Exercise instructions:
Look through the listing below for the line with "linux下phpMyAdm" and the line with "虫にもモテる男ビリー『バイオハザード０ HD REMASTER』#9【女性実況】". Copy both, along with every line between them, exactly and with no pictures.

# # # # #

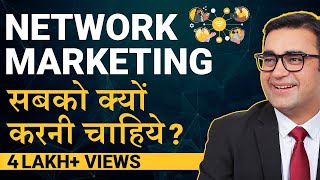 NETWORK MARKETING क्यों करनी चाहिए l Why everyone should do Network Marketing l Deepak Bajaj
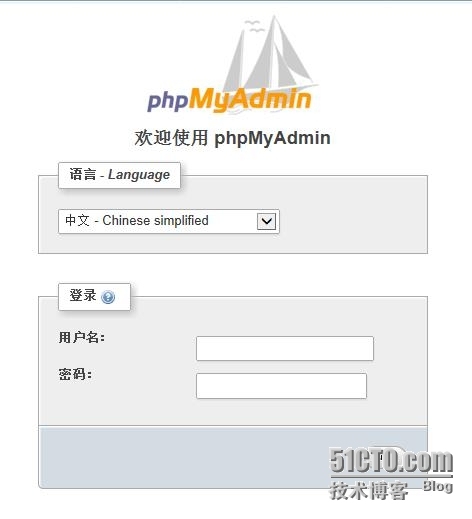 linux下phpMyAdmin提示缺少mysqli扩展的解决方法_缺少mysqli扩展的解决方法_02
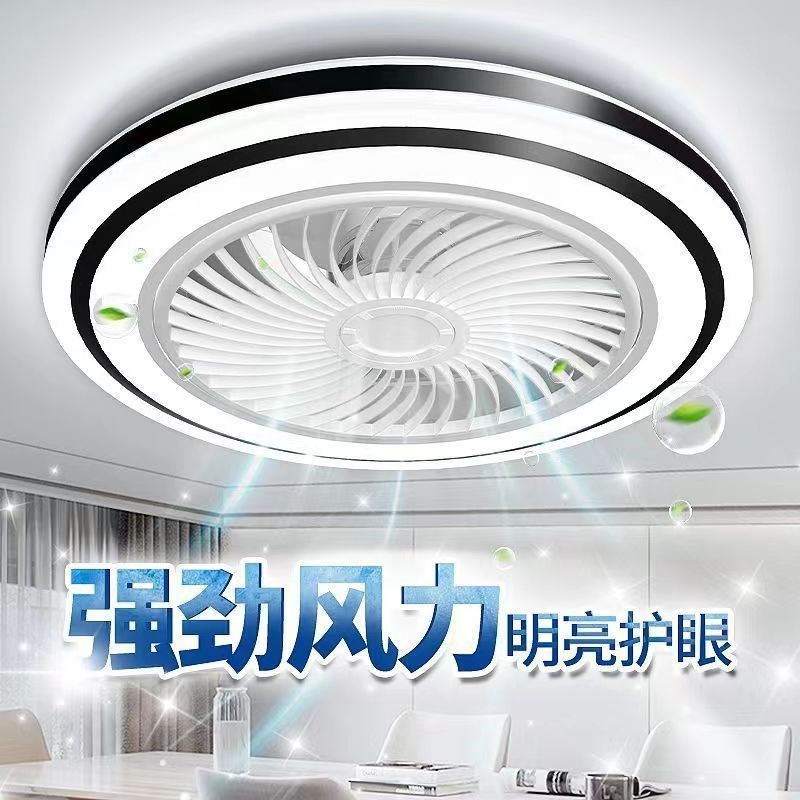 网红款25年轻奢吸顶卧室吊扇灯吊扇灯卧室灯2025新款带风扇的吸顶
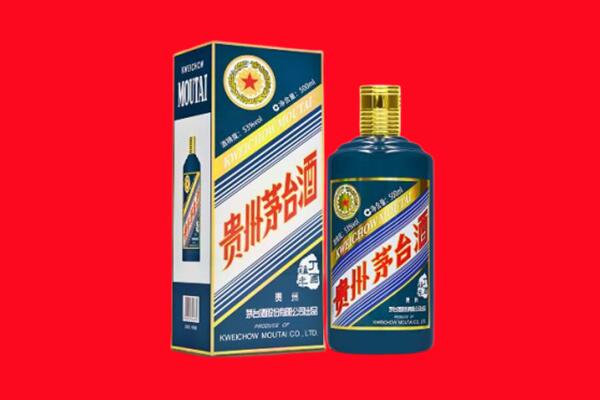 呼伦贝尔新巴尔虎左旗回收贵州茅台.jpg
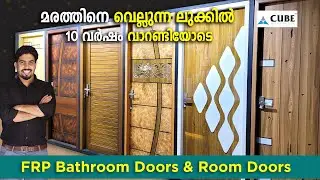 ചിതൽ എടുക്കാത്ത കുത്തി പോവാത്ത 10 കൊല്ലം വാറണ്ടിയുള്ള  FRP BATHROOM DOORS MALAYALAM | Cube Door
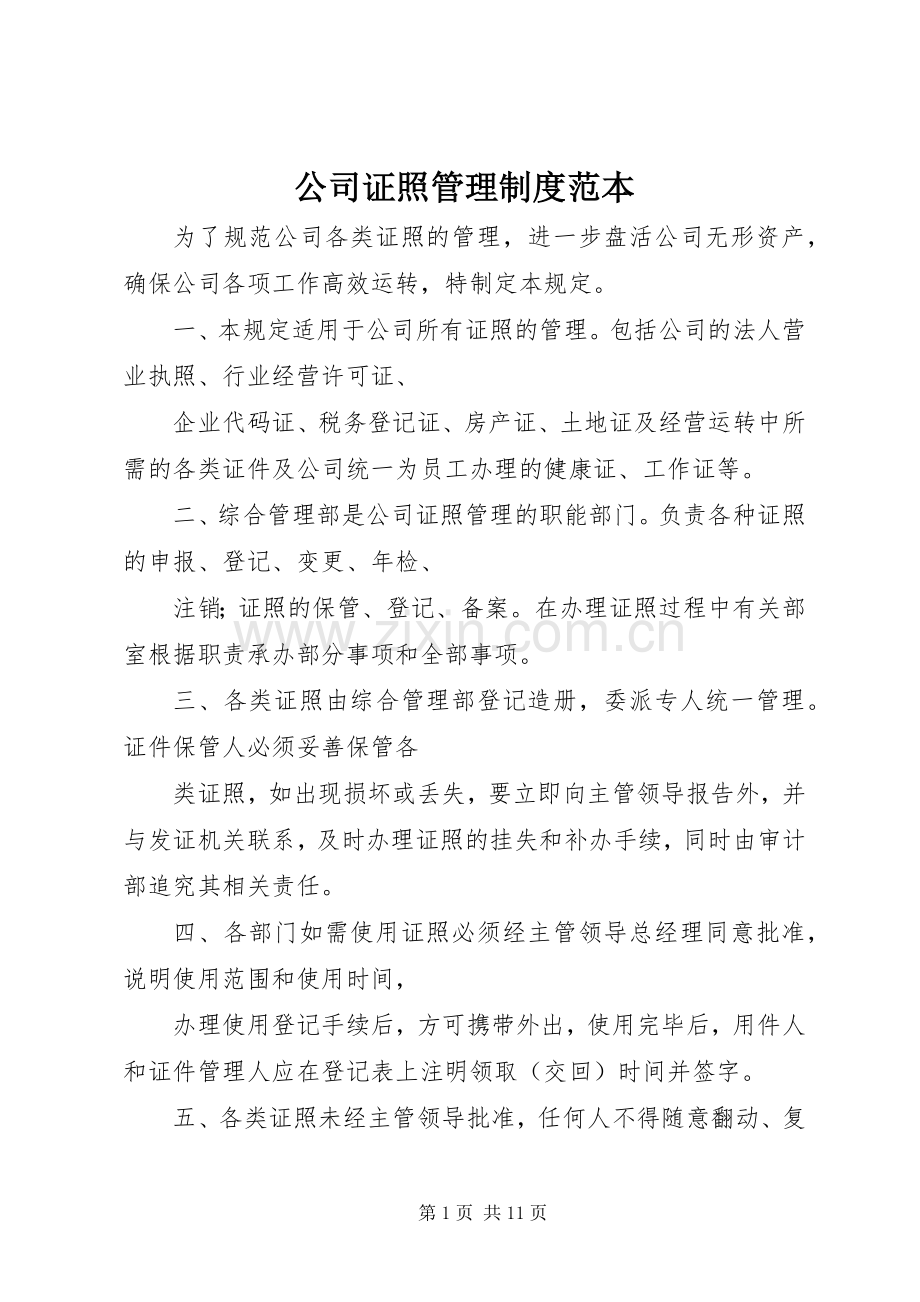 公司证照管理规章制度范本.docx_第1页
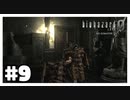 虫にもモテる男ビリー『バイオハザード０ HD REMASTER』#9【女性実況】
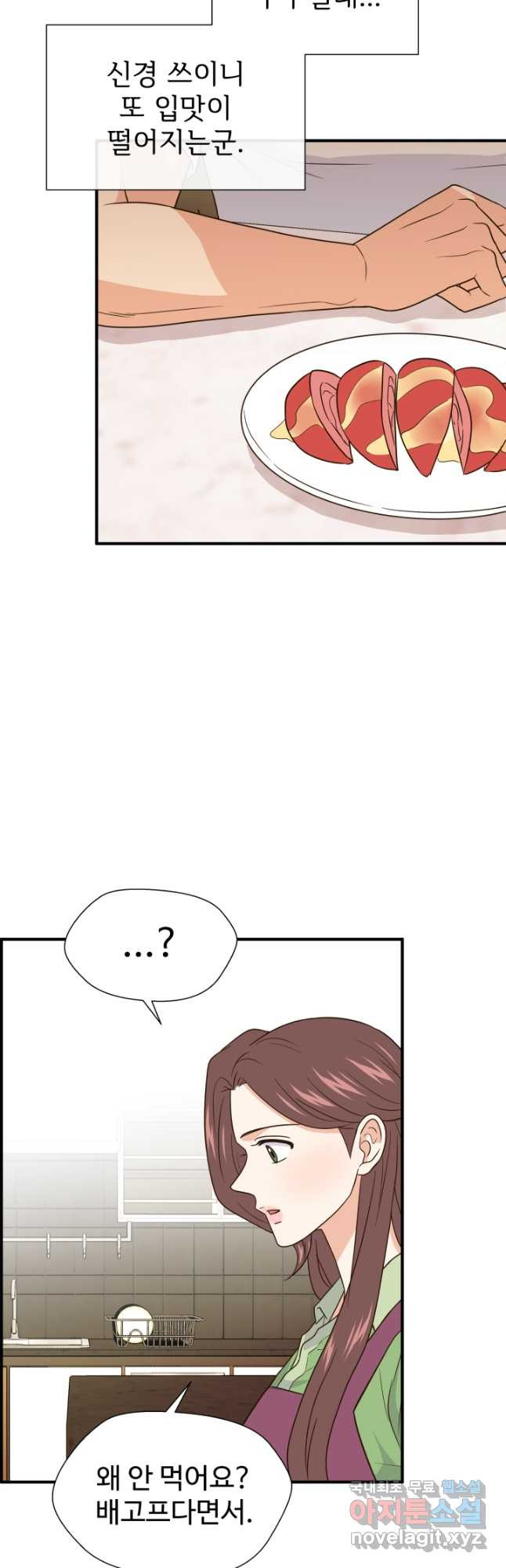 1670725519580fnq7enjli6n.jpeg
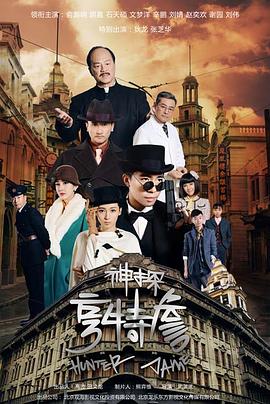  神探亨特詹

# # # # #

Finished exercise:
 linux下phpMyAdmin提示缺少mysqli扩展的解决方法_缺少mysqli扩展的解决方法_02
 网红款25年轻奢吸顶卧室吊扇灯吊扇灯卧室灯2025新款带风扇的吸顶
 呼伦贝尔新巴尔虎左旗回收贵州茅台.jpg
 ചിതൽ എടുക്കാത്ത കുത്തി പോവാത്ത 10 കൊല്ലം വാറണ്ടിയുള്ള  FRP BATHROOM DOORS MALAYALAM | Cube Door
 公司证照管理规章制度范本.docx_第1页
 虫にもモテる男ビリー『バイオハザード０ HD REMASTER』#9【女性実況】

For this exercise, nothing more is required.